### Material provided
┄┄┄┄┄┄┄┄┄┄
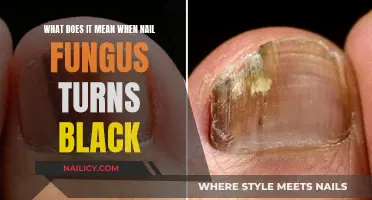 Nail Fungus Turning Black: Understanding the Serious Warning Sign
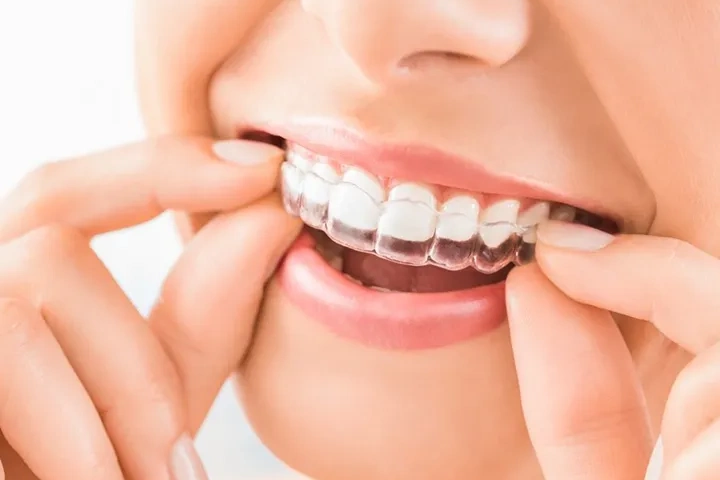 Tjej sätter in tandställning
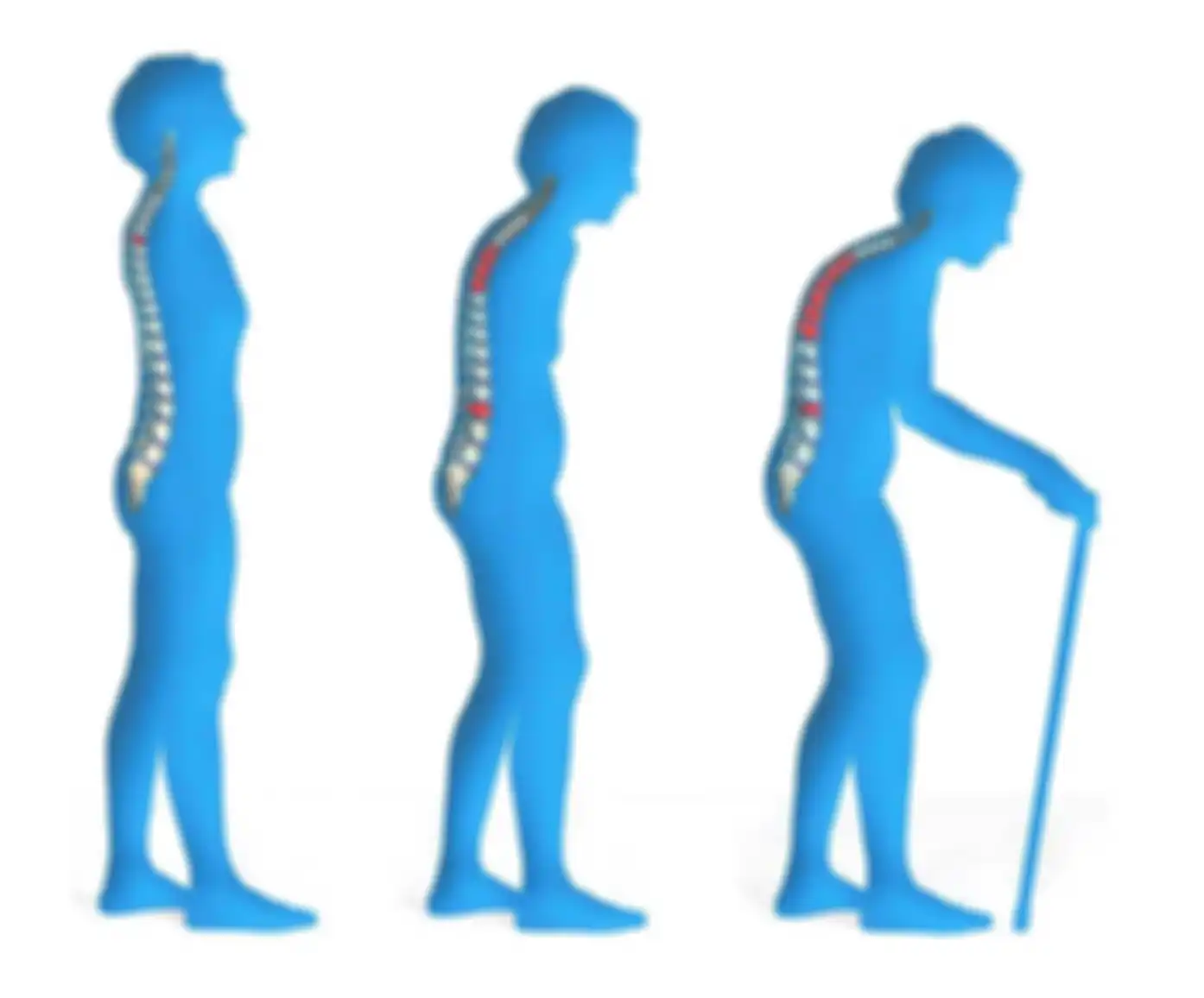osteoporosis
┄┄┄┄┄┄┄┄┄┄
### Task requirements
Leave the pictures out and set down the rest of the listing above exactly.

### Reply to the exercise
 Nail Fungus Turning Black: Understanding the Serious Warning Sign
 Tjej sätter in tandställning
osteoporosis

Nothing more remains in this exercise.